My issue
I want to understand the basic approach to this problem
My code
import java.util.Scanner;
import java.lang.*;
import java.io.*;
class Codechef
{
public static void main(String[] args) throws java.lang.Exception
{
Scanner sc = new Scanner(System.in);
int t = sc.nextInt();
int sum = 0, largest = 0, index = 0, sales = 0;
for (int i = 0; i < t; i++) {
int n = sc.nextInt();
int arr[] = new int[n];
for (int j = 0; j < n; j++) {
arr[j] = sc.nextInt();
}
for (int k = 0; k < n; k++) {
for (int l = 0; l <= k; l++) {
if (l == k) {
sum = sum + (arr[l] * 2);
} else {
sum = sum + arr[l];
}
}
if (sum > largest) {
largest = sum;
index = k;
}
}System.out.println(largest);
for (int p = 0; p < index; p++) {
sales = sales + arr[p];
}
System.out.println(sales + (arr[index] * 2));
}
}
}
Problem Link: Sale Practice Coding Problem - CodeChef
You have a couple of issues which I commented in your code below:
- Your “largest” variable was initialized outside each test, breaking each-test largest logic
- You are using very large numbers (10^9). You should use long type instead of int.
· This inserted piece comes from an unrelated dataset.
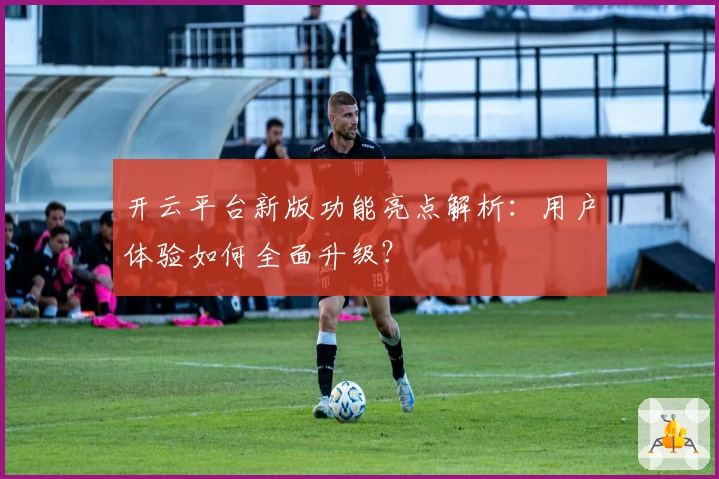 开云平台新版功能亮点解析：用户体验如何全面升级？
- You waste too much time using nested loops. You could’ve used an auxilar variable to keep track of the sums, instead of summing each time (which also is never initialized within the test).
- You print something necessarily based on “index” something.
import java.util.Scanner;
import java.lang.*;
import java.io.*;
class Codechef
{
public static void main(String[] args) throws java.lang.Exception
{
Scanner sc = new Scanner(System.in);
int t = sc.nextInt();
long sum = 0, largest = 0, index = 0, sales = 0;
for (int i = 0; i < t; i++) {
// Each test has its own largest
largest = 0;
int n = sc.nextInt();
long arr[] = new long[n];
for (int j = 0; j < n; j++) {
arr[j] = sc.nextLong();
// You base largest is the original sum of all days
largest += arr[j];
}
// Don't waste loops. Just take into consideration your prev days
long prevDays = 0;
for (int k = 0; k < n; k++) {
/* This is so computationally heavy. Nested loops are the last option
for (int l = 0; l <= k; l++) {
if (l == k) {
sum = sum + (arr[l] * 2);
} else {
sum = sum + arr[l];
}
}*/
sum = prevDays + arr[k]*2;
if (sum > largest) {
largest = sum;
//index = k; // Why do you want this??
}
// Sum the prev days
prevDays += arr[k];
}
System.out.println(largest);
/*
for (int p = 0; p < index; p++) {
sales = sales + arr[p];
}
System.out.println(sales + (arr[index] * 2));
*/
}
}
}
can you explain me the use of variable largest which you are using. As I am not able to understand what is the use of it and what actually it is pointing.
Each test has an array the numbers, the sales Chef can make, say:
A = [1,1,1,1]
“largest” (or biggest) is the maximum amount of sales Chef can do. In this example “largest” would be 5 (1+1+1+2*1)
A= [1,7,2,1]
largest = 15 (1+7*2)
“Largest” variable is compared with all the possibilities, and stores the maximum possible.